I'm talking to you Mr. Wrong Way, who can't seem to figure out that 99% of us walk on the right hand side of the corridor and tries to walk against everybody else and then plays chicken with me who not only out weighs you but is a foot taller. You're lucky I didn't knock you on your butt.

I'm talking to you Ms. Snooty Clerk, who walks away from the cash register in which I have been standing for ten minutes with money in hand to show somebody who just walked up where the cookware was even though I happened to be standing in the clothing department. Then to top it off, instead of hustling right back, you stop half way and start rearranging clothes on a rack instead of helping the waiting customers.

I'm talking to you Mrs. Can't Walk who sits in your car waiting for someone to get all their packages, kids, etc into their car and back out of the space so that you can park your big ass SUV into the tiny spot, meanwhile tying up traffic that can't get around you. I really did enjoy it when you followed me to my car twice, watched me slowly unload my packages into my car and then watched me smile as I walked past you towards the store again. I hope I ruined your day.

I'm talking to you the Gaggle Group, who can't walk anywhere unless they walk side by side taking up as much real estate as possible and not letting those of us who don't want to die of old age in some mall pass you by and get where we want to go.

I'm talking to you Negligent Parent, who thinks acceptable parenting is letting your children roam unattended, half dressed, in the mall getting high on sugary drinks and running into people and other more breakable objects. Not to mention that you are teaching your children, when they are with you where they belong, that the meaning of Christmas is how much you can buy with your limited resources.

I'm talking to you Mr. Poor Parker, who can't figure out the object of parking is to put your car between the lines and not straddling them causing me to maybe ding the crap our of your vehicle while trying to squeeze into my car that I left with a good two feet between the car and the lines on either side. Or even worse, you park your car next to the 'No Parking' sign as you dash into the store causing pedestrians to almost get run over because oncoming traffic can now no longer see them until they are in the middle of the road.

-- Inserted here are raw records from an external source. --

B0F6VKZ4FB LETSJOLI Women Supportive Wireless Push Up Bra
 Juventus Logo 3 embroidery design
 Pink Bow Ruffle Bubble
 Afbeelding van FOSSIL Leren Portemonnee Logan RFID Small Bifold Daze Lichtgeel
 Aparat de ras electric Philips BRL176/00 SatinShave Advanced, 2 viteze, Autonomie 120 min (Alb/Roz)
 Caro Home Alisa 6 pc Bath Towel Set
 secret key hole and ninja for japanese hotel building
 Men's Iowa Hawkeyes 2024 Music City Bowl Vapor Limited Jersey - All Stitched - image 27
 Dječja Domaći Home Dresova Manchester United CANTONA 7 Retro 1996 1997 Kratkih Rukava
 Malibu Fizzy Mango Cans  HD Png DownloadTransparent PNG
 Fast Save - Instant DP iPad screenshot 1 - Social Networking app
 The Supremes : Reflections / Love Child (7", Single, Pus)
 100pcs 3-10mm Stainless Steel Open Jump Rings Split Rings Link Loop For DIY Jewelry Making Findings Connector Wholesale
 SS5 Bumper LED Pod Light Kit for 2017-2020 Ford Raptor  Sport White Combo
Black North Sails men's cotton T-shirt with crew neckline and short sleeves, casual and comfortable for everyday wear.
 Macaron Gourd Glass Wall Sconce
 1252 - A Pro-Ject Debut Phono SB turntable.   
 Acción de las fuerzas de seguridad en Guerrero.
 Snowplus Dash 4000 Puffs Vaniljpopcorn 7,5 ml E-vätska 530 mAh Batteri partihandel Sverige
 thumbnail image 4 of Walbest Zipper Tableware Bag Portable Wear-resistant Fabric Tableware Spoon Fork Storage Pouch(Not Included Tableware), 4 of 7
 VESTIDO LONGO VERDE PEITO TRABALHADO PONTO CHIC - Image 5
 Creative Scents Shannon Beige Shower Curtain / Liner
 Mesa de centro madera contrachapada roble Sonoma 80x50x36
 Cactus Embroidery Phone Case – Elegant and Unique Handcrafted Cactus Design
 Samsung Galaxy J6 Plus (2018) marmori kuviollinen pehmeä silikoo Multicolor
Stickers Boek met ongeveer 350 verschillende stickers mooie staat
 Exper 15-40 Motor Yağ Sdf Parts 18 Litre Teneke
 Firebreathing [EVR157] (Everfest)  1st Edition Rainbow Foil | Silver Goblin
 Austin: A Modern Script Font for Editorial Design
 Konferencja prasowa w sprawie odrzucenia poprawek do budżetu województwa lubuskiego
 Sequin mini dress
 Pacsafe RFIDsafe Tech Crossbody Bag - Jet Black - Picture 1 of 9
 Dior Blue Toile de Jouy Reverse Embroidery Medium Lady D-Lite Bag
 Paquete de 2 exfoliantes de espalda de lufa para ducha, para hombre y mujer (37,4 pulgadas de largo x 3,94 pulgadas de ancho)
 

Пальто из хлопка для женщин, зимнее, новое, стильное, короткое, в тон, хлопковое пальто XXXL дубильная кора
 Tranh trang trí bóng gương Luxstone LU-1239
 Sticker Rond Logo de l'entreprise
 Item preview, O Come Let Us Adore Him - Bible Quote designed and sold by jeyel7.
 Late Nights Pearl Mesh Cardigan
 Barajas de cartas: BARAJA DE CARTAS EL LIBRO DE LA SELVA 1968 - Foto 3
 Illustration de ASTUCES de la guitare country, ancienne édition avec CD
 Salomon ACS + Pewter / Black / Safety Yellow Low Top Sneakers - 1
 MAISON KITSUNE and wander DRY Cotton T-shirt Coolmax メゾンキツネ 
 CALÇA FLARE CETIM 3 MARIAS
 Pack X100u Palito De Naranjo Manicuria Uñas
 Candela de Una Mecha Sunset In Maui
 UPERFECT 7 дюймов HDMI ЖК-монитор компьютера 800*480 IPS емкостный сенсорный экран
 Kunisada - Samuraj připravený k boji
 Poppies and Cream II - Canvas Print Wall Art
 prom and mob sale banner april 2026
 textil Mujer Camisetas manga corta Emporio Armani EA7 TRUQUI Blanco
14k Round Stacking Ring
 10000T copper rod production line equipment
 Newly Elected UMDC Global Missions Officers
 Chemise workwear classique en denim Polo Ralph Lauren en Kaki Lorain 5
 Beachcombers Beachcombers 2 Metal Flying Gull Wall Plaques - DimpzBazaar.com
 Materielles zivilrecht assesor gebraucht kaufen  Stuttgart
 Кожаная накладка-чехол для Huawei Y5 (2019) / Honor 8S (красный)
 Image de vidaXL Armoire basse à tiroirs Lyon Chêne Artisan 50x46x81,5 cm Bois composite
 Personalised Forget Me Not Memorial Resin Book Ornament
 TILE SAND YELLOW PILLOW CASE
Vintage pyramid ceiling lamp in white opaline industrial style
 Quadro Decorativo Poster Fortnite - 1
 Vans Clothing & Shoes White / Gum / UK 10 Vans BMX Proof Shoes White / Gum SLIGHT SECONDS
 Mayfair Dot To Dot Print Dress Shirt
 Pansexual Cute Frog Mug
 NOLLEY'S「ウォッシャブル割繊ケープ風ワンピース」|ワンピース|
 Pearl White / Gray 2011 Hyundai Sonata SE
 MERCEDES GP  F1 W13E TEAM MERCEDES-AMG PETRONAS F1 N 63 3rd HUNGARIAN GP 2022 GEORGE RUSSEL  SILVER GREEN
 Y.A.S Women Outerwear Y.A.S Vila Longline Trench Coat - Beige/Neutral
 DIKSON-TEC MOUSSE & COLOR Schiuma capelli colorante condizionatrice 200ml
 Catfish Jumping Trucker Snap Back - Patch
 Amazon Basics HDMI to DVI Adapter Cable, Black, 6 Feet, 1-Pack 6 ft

I'm talking to you the Light Family, who seems to think that Christmas is about cramming as many electrically lighted objects into your front yard as possible to outdo the Jones' and fool people into thinking that you are holier than thou. Instead of being all about yourself, why don't you save the time and money by working in a soup kitchen or giving to those without. In the very least, just decorate with something that doesn't scream, I need something large, lighted and extremely gaudy to help me celebrate Christmas!

I'm talking to you Mr. Poor Driver, who seems to think that in order to get your shopping done on time you must drive at excessive speeds, tailgate, weave in and out of traffic, not wait your turn at four way stops, cut people off on foot and in cars in your haste to nab a parking spot and otherwise just break most rules of the road.

Finally, I'm talking to you Mrs. Popularity, who has to spend the entire day talking on your cell phone, turning yourself into Mrs. Oblivious and Mr. Poor Driver. I don't care what you are doing for dinner, how long has it been since the last time that you spoke, where you just nabbed something 25% off, or whether Johnny would like the red or blue one. I just want you to pay attention to the world for a second, pay the dang cashier and let the rest of us get in our cars and drive safely home.

In a world where Christmas was done right, all shopping would be done online, delivered to your door and the time between Thanksgiving and Christmas would be spent together celebrating the birth of a king.